- [What the task asks]: Your task is to return, word for word, only the lines from the line with "rdn-niacinamide-10pct-zinc-1pct-30ml.webp" through the close of the data. Exclude all pictures.

- [Extracted records]:
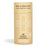 Patch - Adhesive Strip 3/4 X 3 Inch Bamboo Rectanlge Tan Sterile - Nutricare Usa - 35134700000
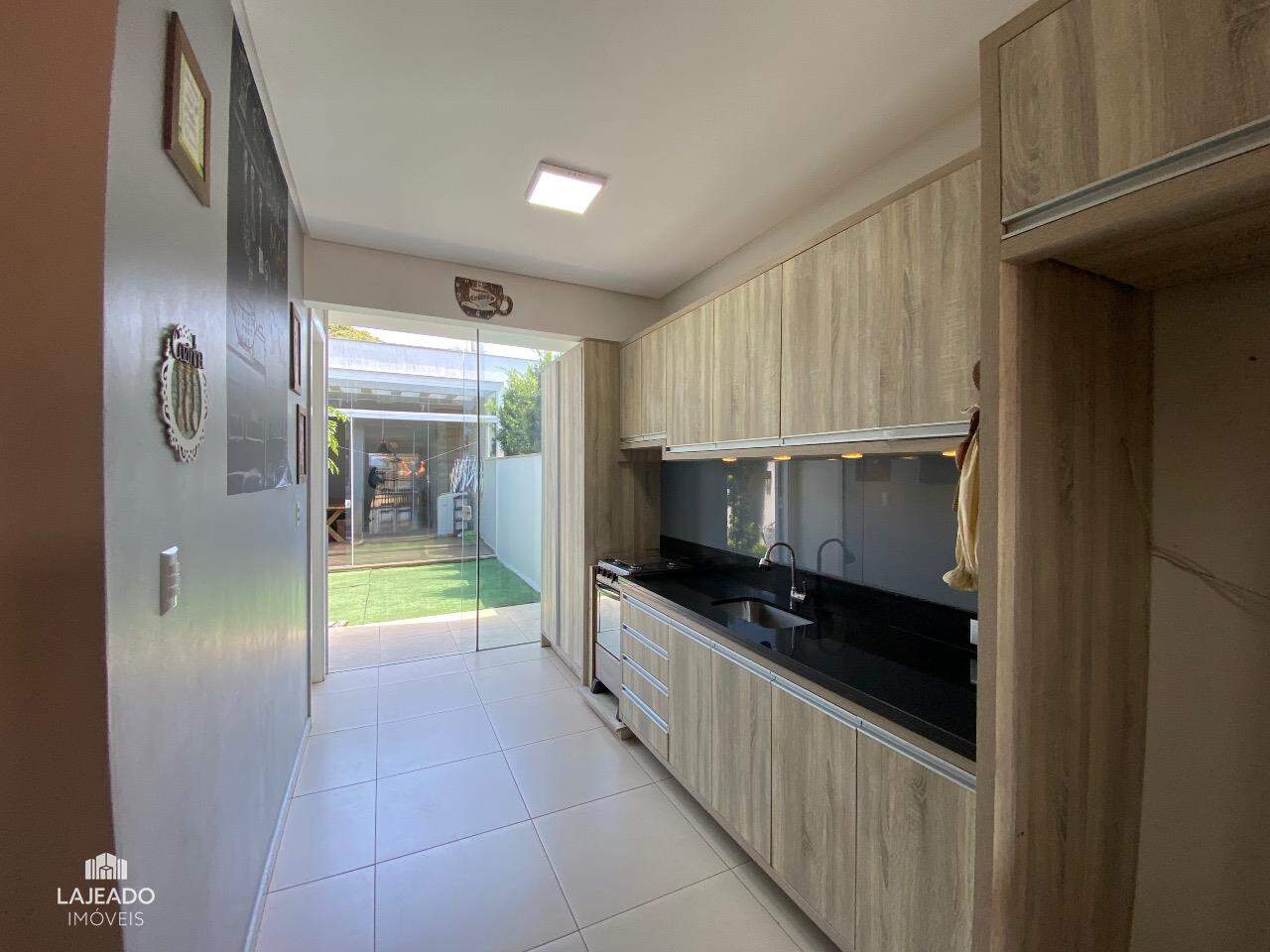 Sobrado à venda com 2 quartos, 106m² - Foto 9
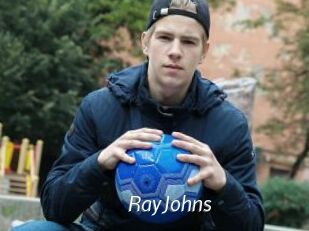 RayJohns
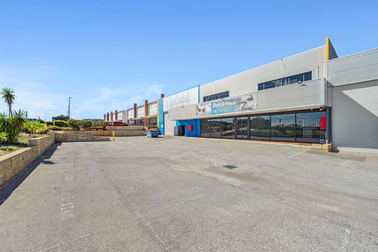 1/40 Berriman Drive Wangara WA 6065 - Image 2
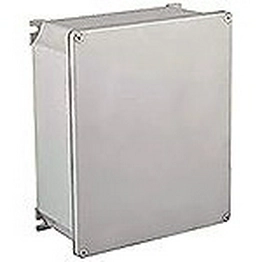 molex 936040072 image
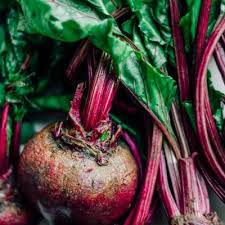 Howstuffworks.com contributors beet, or beetroot, is an edible root vegetable. Beets 101 Everything You Need To Know About Beetroot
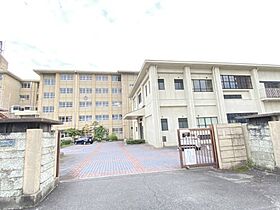 プライムガーデン  ｜ 愛知県稲沢市高御堂2丁目（賃貸マンション1K・1階・30.96㎡） その22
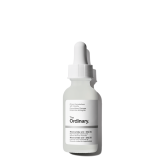 rdn-niacinamide-10pct-zinc-1pct-30ml.webp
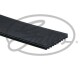 Автозапчасть Gates 10PK1490HD (фото 2)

- [Your response]:
 rdn-niacinamide-10pct-zinc-1pct-30ml.webp
 Автозапчасть Gates 10PK1490HD (фото 2)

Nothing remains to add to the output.